Supporterino / truenas-graphite-to-prometheus

A graphite exporter mapping file for truenas scale >23.10.1 metrics and some example grafana dashboards
GNU General Public License v3.0
78 stars 12 forks source link

[Request] Disk Temp & Dataset Free Space #1

Closed SeiyaGame closed 8 months ago

SeiyaGame commented 11 months ago

Hi, thanks for your work! It's really insane I was wondering if it was possible to add the temperature of the disks ? I tried on my side and without success, the names of the disks are weird: image Also, if possible, I'd like to have the free space of my dataset/pool (To see the evolution of my storage space)

Thanks đź‘Ť

mandrepont commented 11 months ago

I had started working on the disk temp side. From what I can tell it is the disk serial number. Here is a mapping I think can be used.


################################################
# Smart log mapping
################################################

- match: "truenas.*.smart_log_smart.disktemp.*.*"
  name: "disk_temp"
  labels:
    job: "truenas"
    instance: "${1}"
    disk_serial: "${2}"
Supporterino commented 11 months ago

Hey there, was looking for disk usage and temp myself. Haven't checked out the smart metrics yet. Need to pull a new set of raw metrics since my test sample was pretty small. Thanks for your findings already. Today was pretty busy for me. But I will get back to working on it tomorrow will take a closer look at your leads and figure something out. Hopefully with good metrics and some graphs on the dashboard.

Supporterino commented 11 months ago

BTW any PRs are totally welcome if you figured it out :)

mandrepont commented 11 months ago

I have been looking through all of the lines I got and don’t see any replacement for dataset usage metrics. That is a disappointment if true. It has been helpful to run the exporter in debug mode for a day and search via Loki and grafana. I’ll keep looking, but I don’t think it’s included in this release.

Supporterino commented 11 months ago

While converting all lines I looked a lot at netdata documentation and netdata is capable of reporting the usage state of zfs pools. I got the input of iXSystem via Reddit that they are looking forward to contributions regarding metrics and exporting them in different formats. So once I am happy with this project and converting the graphite metrics I am going to take a look at the middleware code of truenas since I am also familiar with python.

mandrepont commented 11 months ago

Looking further into the iXSystem side of things.
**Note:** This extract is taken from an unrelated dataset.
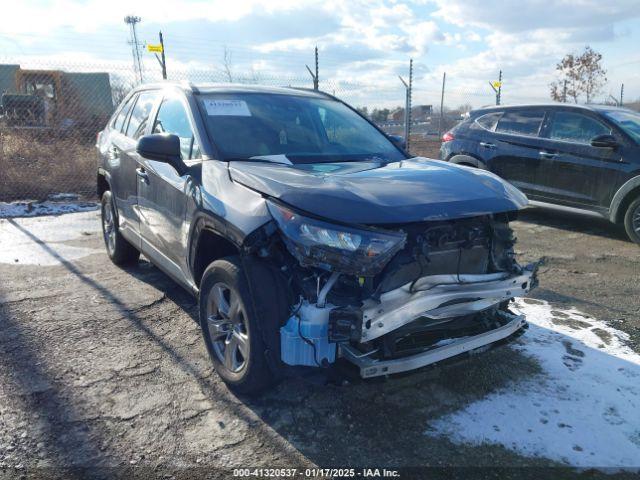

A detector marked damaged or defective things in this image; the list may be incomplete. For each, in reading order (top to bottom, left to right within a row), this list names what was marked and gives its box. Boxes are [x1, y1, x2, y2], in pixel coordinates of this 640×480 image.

damaged gray suv [97, 84, 536, 394]
broken headlight housing [268, 200, 408, 276]
crushed front bumper [340, 312, 524, 378]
It looks like we can collect disk space from mount path.

I think it would require adding a new plugin to https://github.com/truenas/middleware/blob/stable/cobia/src/middlewared/middlewared/etc_files/netdata/netdata.conf.mako

This one in particular I believe. https://learn.netdata.cloud/docs/data-collection/linux-systems/disk-space

SeiyaGame commented 11 months ago

Looking further into the iXSystem side of things. It looks like we can collect disk space from mount path.

I think it would require adding a new plugin to https://github.com/truenas/middleware/blob/stable/cobia/src/middlewared/middlewared/etc_files/netdata/netdata.conf.mako

This one in particular I believe. https://learn.netdata.cloud/docs/data-collection/linux-systems/disk-space

I've already tried on my own without success The documentation is poor, there is nothing well explained

I modified the /etc/netdata/netdata.conf configuration to activate the plugin:

...
[plugins]
        proc = yes
+       diskspace = yes
        cgroups = no
        tc = no
        idlejitter = no
        perf = no
        apps = no
        nfacct = no
        netdata monitoring = no # We want to disable netdata's agent stats
...

I've tried adding these parameters to the end of the file but it doesn't work, I don't know how to do it ...

[plugin:proc:diskspace:/mnt/*]
#or
[plugin:proc:diskspace:/]
#or
[plugin:proc:diskspace:/mnt]
Supporterino commented 11 months ago

The adjustment of the TrueNAS Netdata and adding new exporters will take place in the new year for me since I am not with my machines and not willing to tinker on them remotely. But thanks for all your input.

The mapping for S.M.A.R.T data and other stuff I find will come soon (tomorrow probably)

Supporterino commented 11 months ago

@mandrepont I found out that I don't even have disk temp in truenas must have been since the upgrade to 23.10. Gonna figure that out first since that is the reason why I missed the metrics. I don't have them :D Gonna keep you guys posted.

mandrepont commented 10 months ago

Weird I was seeing them in my logs and now I am not... On TrueNASCore I got them without even running smart service. Though it seems like it is linked to that service completely.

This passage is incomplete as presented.